BEIRUT (AP) — U.S.-led coalition strikes in Syria continue to target areas controlled by the militant group Islamic State. Activists say overnight, a grain silo was hit, but only civilians were killed. They say the air assault was on Islamic State facilities in four provinces, including Aleppo and Raqqa (RAH'-kah). One strike hit the entrance to a Conoco gas plant, but activists say the facility itself was not damaged.
KABUL, Afghanistan (AP) — A senior adviser to President Barack Obama says Afghanistan will sign a deal tomorrow to allow American soldiers to remain in the country past the end of the year.

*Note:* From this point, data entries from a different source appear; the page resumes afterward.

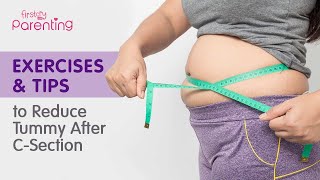 How to Reduce Tummy Fat After Csection Delivery Easy Exercises amp Tips [upl. by Teraj]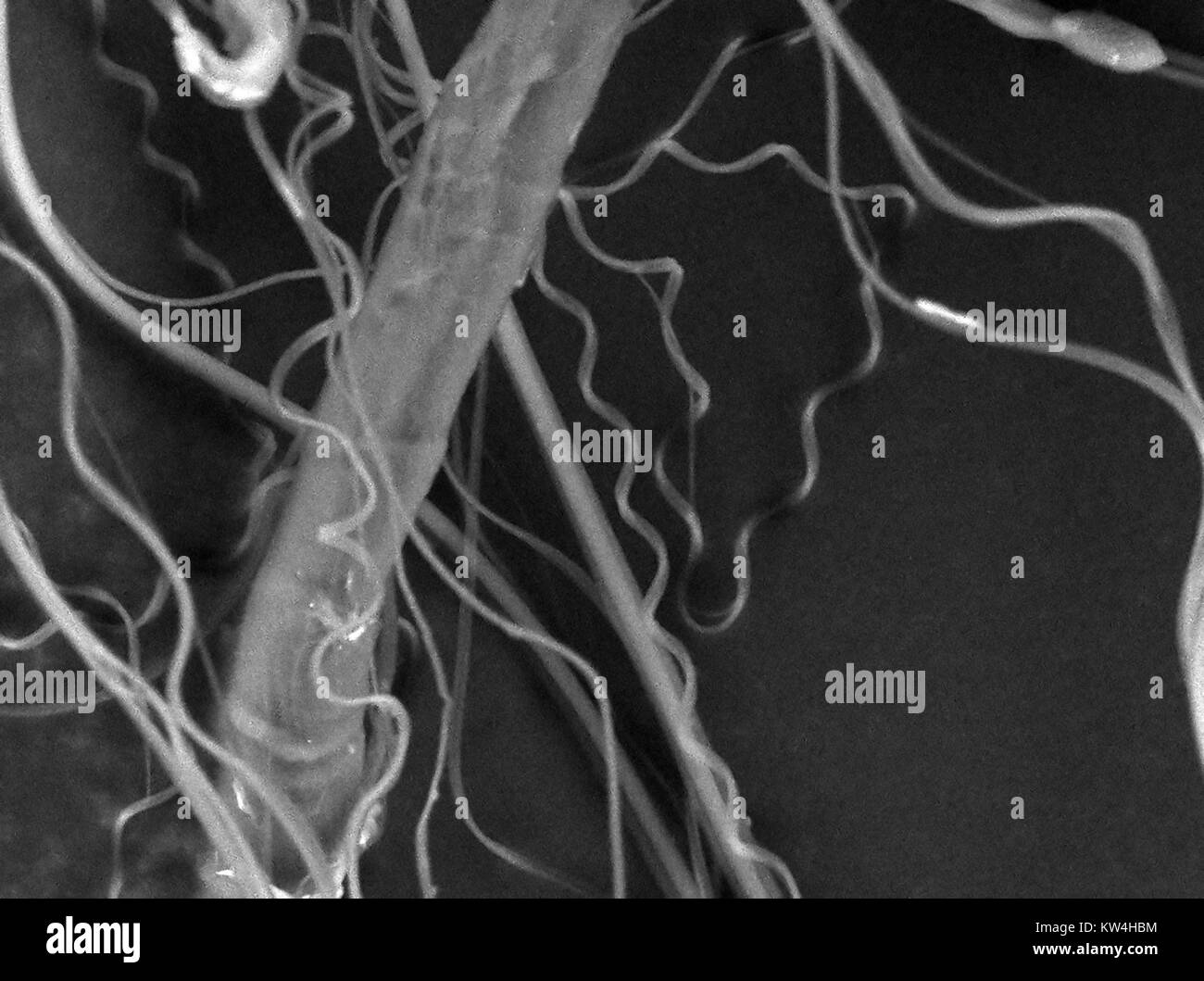 Microscopio electrónico de barrido (SEM) micrografía mostrando la araña de seda, con un aumento de 2500x, 2016. Foto de stock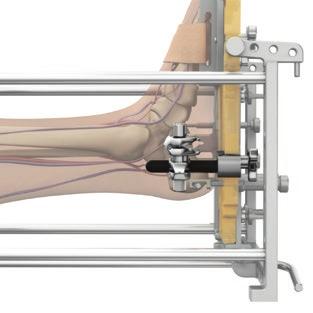 Slide it over the proximal end of the Talar Pin Connector so that the clamp is as close to the foot and is distal to the talar body.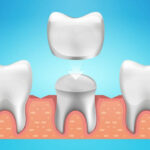 dental crowns in Houston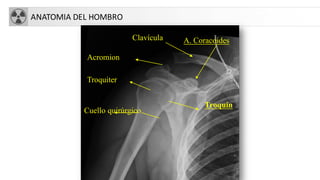 ANATOMIA DEL HOMBRO
Cuello quirúrgico
Troquiter
Troquín
Acromion
Clavícula A. Coracoides
 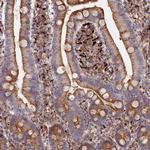 PPP2R3C Antibody in Immunohistochemistry (Paraffin) (IHC (P))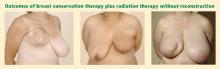 Figure 1. Patients who had breast conservation therapy (partial mastectomies) followed by radiation therapy without oncoplastic reconstruction. 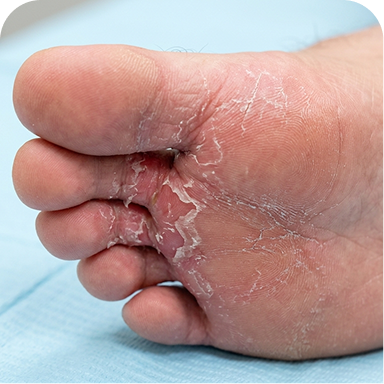 Athlete's Foot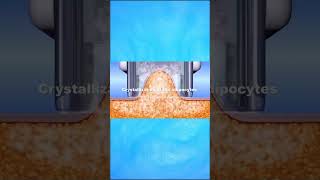 Metode Fat Freezing tercanggih dengan Cristal Pro #shorts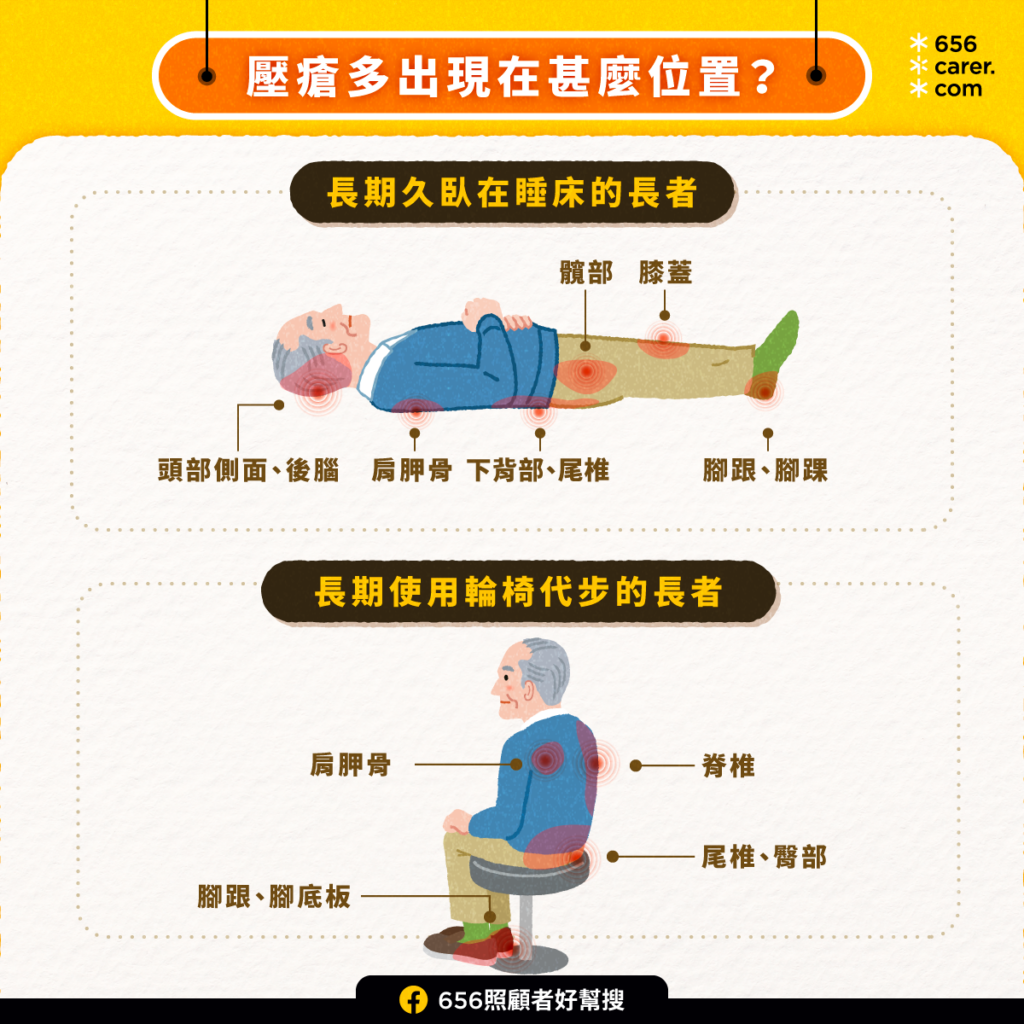 褥瘡護理全攻略|壓瘡分級與治療方法一覽|護老者必讀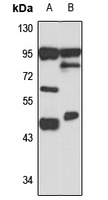 CHST11 Rabbit Polyclonal Antibody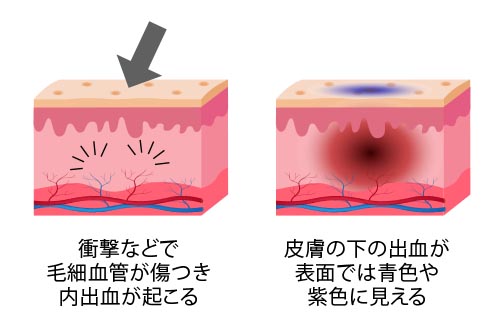 トリートメント後にあざができる人は Srotas スロータス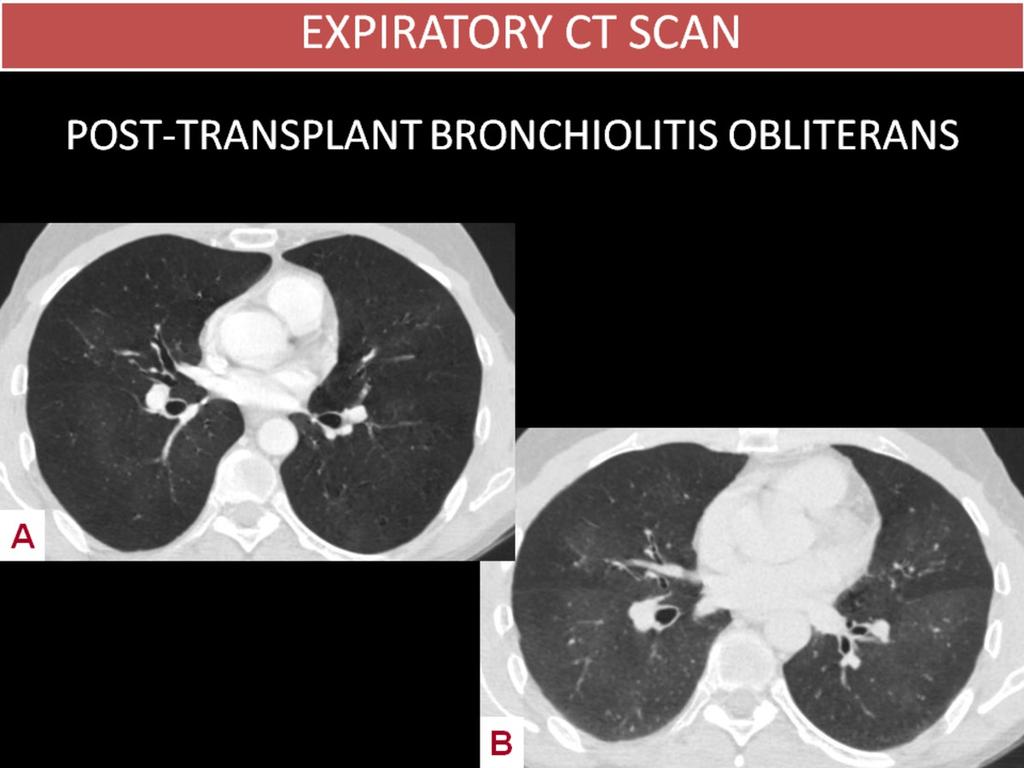 Fig. 7: POST-TRANSPLANT BRONCHIOLITIS OBLITERANS 30 year-old man with a history of acute lymphoblastic leukemia treated with hematopoietic progenitor cell transplantation and subsequent graft-vs-host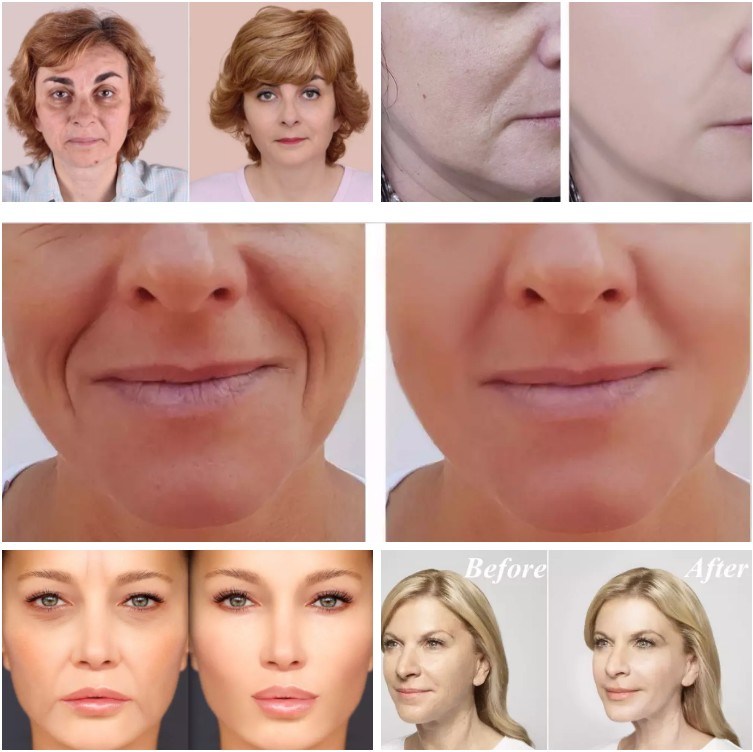 2ml Ha Gel Injection for Deeply Skin Repairing and Anti-Aging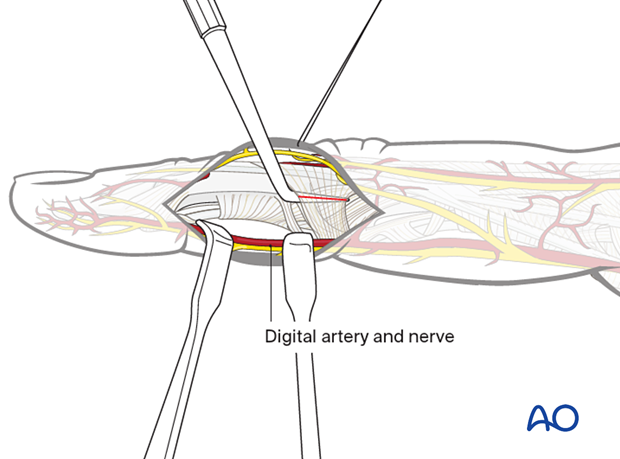 Midaxial approach to middle phalanx, divide TRL with dental pick between it and collateral ligament to avoid cutting ligament.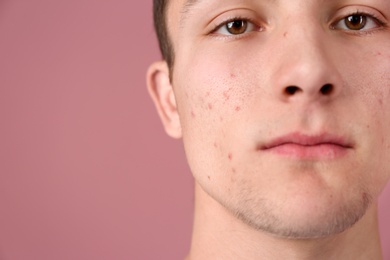 Photo of Young man with acne problem on color background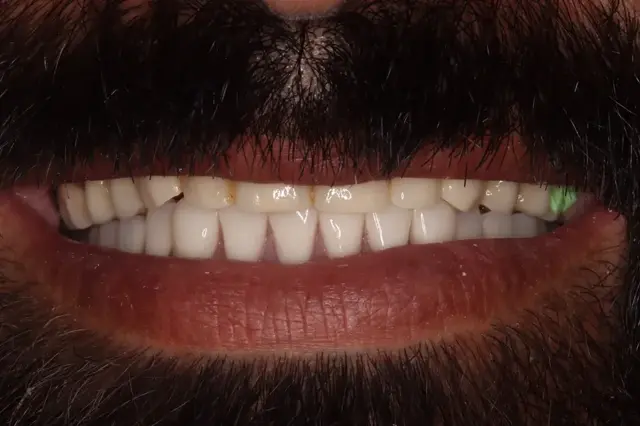 Dental Implants after at Rod Gleave DMD in Salt Lake City, UT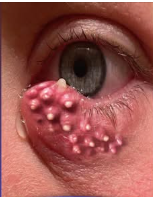 Understanding Eye Infections: Causes, Symptoms, and Effective Treatments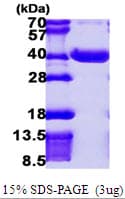 Human NPL / C112 Protein (Recombinant His)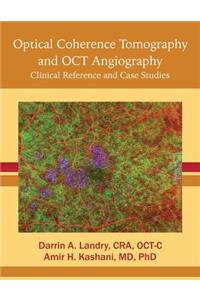 Optical Coherence Tomography and OCT Angiography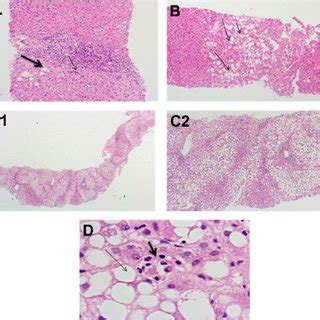 Steatosis assessment in liver histopathology. ( A ) Liver case with a... | Download Scientific ...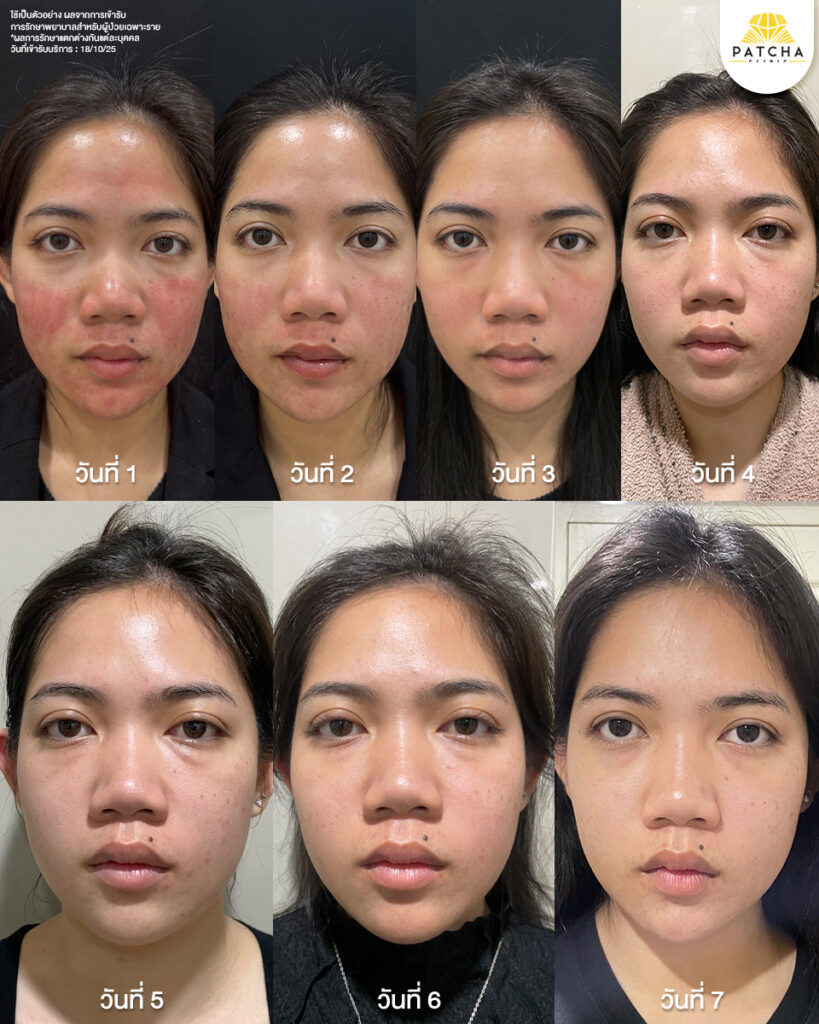 Pico Laser รีวิว4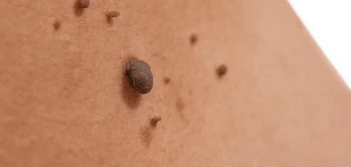 image of a skin tag Greater London (Camden)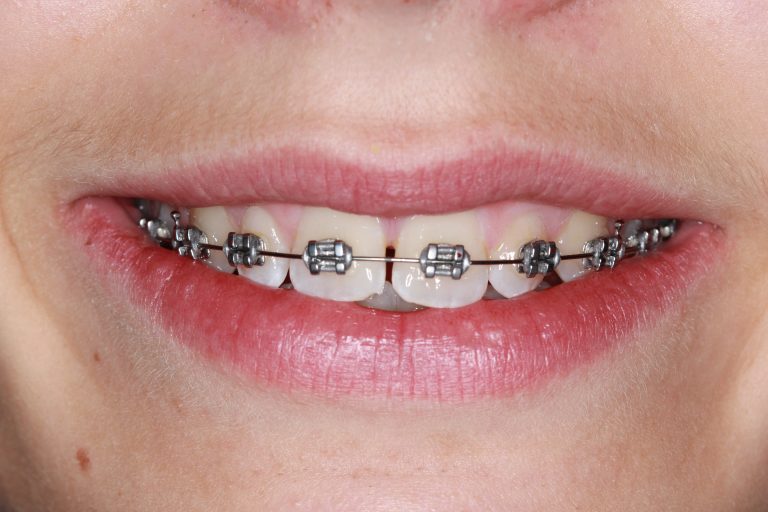 Engineering Smiles: How Braces Influence Facial Symmetry
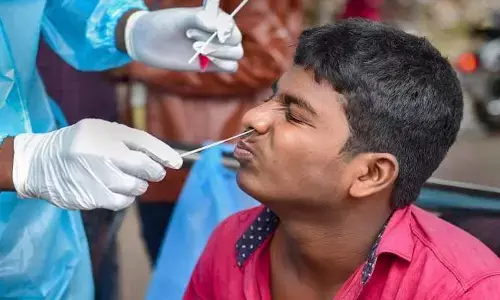 Representational image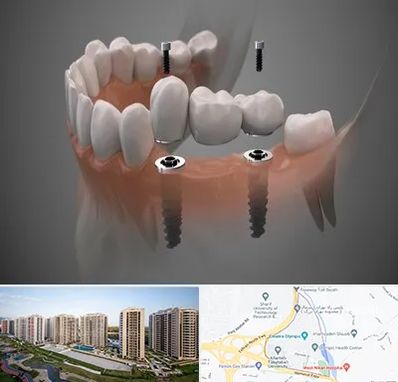 ایمپلنت دیجیتال در المپیک 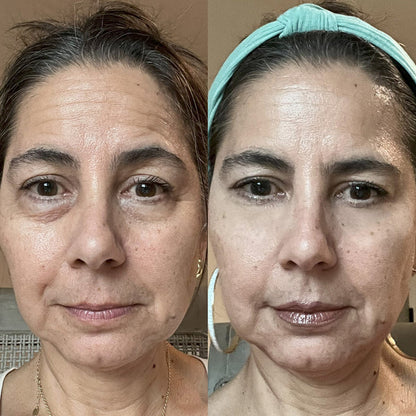 DermaEyes™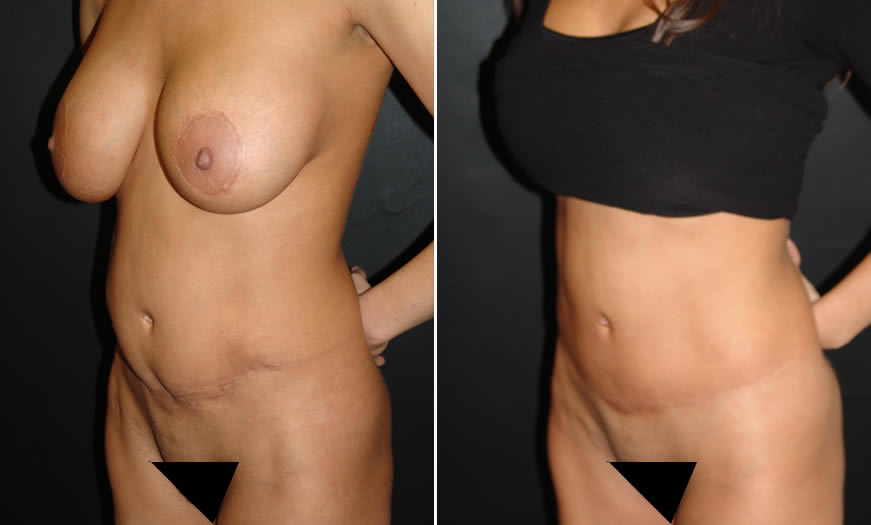 Before & After Tummy Tuck Quarter Left View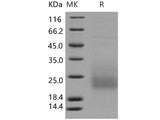 Recombinant Human CD3d/CD3 delta Protein (His Tag)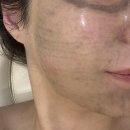케어마인 | 평택고덕피부관리 더마인에스테틱 맞춤 케어 받고 온 후기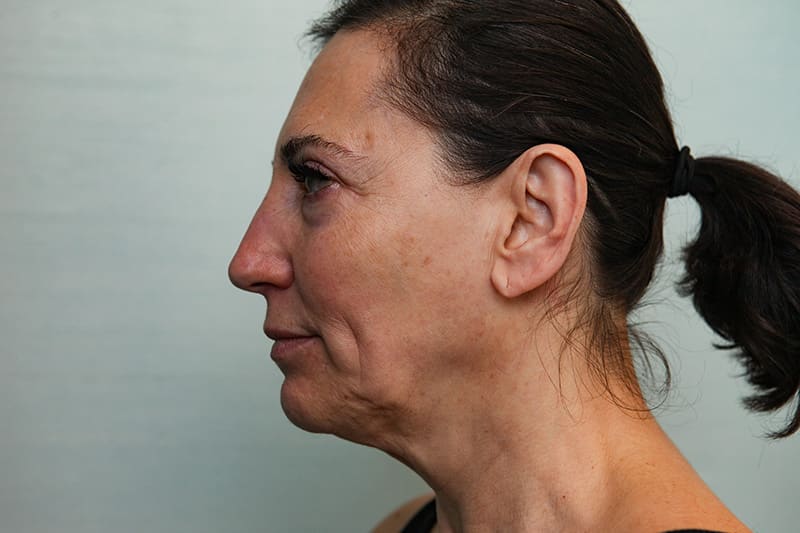 Facelift Before & After Patient Photo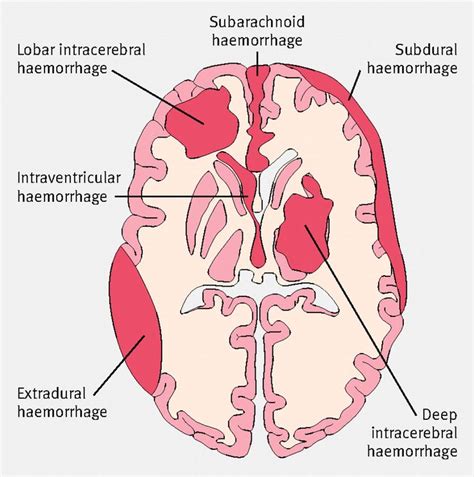 17 Best images about EMS: Neurology on Pinterest | Intracranial hemorrhage, Seizure disorder and ...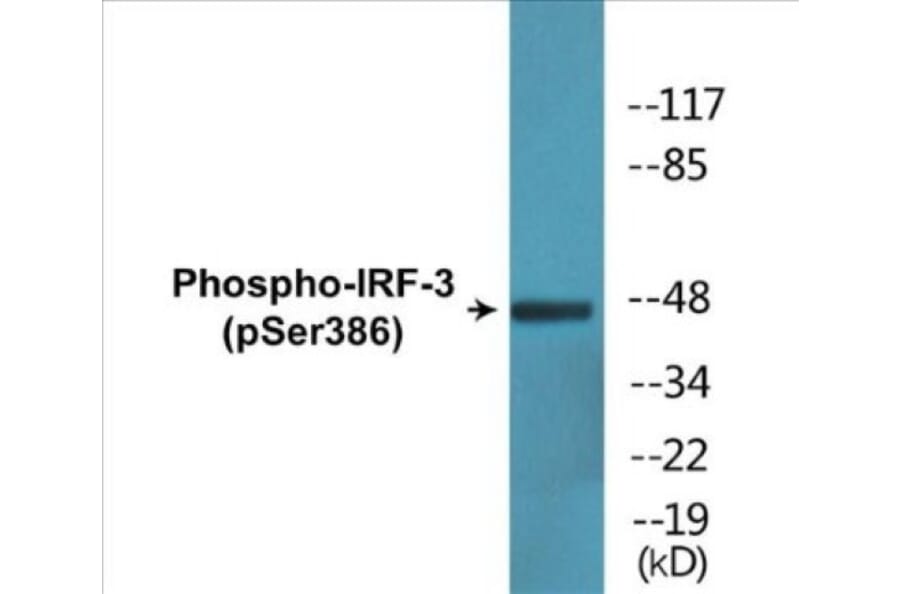 Western Blot - IRF-3 (phospho Ser386) Cell Based ELISA Kit (CBP1776) - Antibodies.com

John Podesta made the comments at a news conference at the U.S. Embassy in Kabul. Podesta said he didn't know if newly inaugurated President Ashraf Ghani Ahmadzai (ahsh-RAHF' gah-NEE' ah-mahd-ZEYE') would be the official signing the deal for Afghanistan, but said he would sign it on behalf of the U.S. The deal will allow about 10,000 American troops to stay in the country after the international combat mission ends on Dec. 31.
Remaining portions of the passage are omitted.